◆ **Task prompt**
Identify the line in which "Search for mardi gras wrapping paper Green" appears, then reproduce that line and all remaining lines of the records word for word.
··········
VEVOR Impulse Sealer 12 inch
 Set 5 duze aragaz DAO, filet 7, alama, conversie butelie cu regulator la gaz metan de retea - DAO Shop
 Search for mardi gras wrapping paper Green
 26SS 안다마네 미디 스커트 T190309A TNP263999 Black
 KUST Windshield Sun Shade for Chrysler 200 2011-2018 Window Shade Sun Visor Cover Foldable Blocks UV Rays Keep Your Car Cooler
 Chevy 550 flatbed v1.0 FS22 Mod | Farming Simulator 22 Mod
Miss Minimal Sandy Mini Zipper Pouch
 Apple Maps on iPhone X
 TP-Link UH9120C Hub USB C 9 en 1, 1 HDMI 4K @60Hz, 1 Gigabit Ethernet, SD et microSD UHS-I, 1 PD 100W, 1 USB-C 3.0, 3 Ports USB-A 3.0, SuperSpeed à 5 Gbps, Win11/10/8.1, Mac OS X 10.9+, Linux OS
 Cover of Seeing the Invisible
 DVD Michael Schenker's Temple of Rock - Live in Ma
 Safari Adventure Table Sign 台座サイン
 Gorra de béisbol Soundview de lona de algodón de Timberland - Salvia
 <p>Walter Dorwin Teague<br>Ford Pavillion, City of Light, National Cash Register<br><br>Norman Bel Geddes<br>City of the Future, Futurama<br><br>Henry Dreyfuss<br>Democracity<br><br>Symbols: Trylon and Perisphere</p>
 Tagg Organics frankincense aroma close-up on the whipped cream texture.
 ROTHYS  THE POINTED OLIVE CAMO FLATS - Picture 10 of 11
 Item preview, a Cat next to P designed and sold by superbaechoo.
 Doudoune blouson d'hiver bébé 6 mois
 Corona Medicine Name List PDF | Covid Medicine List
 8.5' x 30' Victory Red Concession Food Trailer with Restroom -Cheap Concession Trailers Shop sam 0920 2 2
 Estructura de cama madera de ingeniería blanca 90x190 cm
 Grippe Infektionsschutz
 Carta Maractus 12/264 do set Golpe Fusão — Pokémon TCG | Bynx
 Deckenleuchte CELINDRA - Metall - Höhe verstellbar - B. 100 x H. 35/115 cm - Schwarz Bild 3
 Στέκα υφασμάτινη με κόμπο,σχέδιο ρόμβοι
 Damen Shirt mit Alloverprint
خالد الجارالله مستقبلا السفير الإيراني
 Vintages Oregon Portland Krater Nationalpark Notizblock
··········
◆ **Solution to the problem**
 Search for mardi gras wrapping paper Green
 26SS 안다마네 미디 스커트 T190309A TNP263999 Black
 KUST Windshield Sun Shade for Chrysler 200 2011-2018 Window Shade Sun Visor Cover Foldable Blocks UV Rays Keep Your Car Cooler
 Chevy 550 flatbed v1.0 FS22 Mod | Farming Simulator 22 Mod
Miss Minimal Sandy Mini Zipper Pouch
 Apple Maps on iPhone X
 TP-Link UH9120C Hub USB C 9 en 1, 1 HDMI 4K @60Hz, 1 Gigabit Ethernet, SD et microSD UHS-I, 1 PD 100W, 1 USB-C 3.0, 3 Ports USB-A 3.0, SuperSpeed à 5 Gbps, Win11/10/8.1, Mac OS X 10.9+, Linux OS
 Cover of Seeing the Invisible
 DVD Michael Schenker's Temple of Rock - Live in Ma
 Safari Adventure Table Sign 台座サイン
 Gorra de béisbol Soundview de lona de algodón de Timberland - Salvia
 <p>Walter Dorwin Teague<br>Ford Pavillion, City of Light, National Cash Register<br><br>Norman Bel Geddes<br>City of the Future, Futurama<br><br>Henry Dreyfuss<br>Democracity<br><br>Symbols: Trylon and Perisphere</p>
 Tagg Organics frankincense aroma close-up on the whipped cream texture.
 ROTHYS  THE POINTED OLIVE CAMO FLATS - Picture 10 of 11
 Item preview, a Cat next to P designed and sold by superbaechoo.
 Doudoune blouson d'hiver bébé 6 mois
 Corona Medicine Name List PDF | Covid Medicine List
 8.5' x 30' Victory Red Concession Food Trailer with Restroom -Cheap Concession Trailers Shop sam 0920 2 2
 Estructura de cama madera de ingeniería blanca 90x190 cm
 Grippe Infektionsschutz
 Carta Maractus 12/264 do set Golpe Fusão — Pokémon TCG | Bynx
 Deckenleuchte CELINDRA - Metall - Höhe verstellbar - B. 100 x H. 35/115 cm - Schwarz Bild 3
 Στέκα υφασμάτινη με κόμπο,σχέδιο ρόμβοι
 Damen Shirt mit Alloverprint
خالد الجارالله مستقبلا السفير الإيراني
 Vintages Oregon Portland Krater Nationalpark Notizblock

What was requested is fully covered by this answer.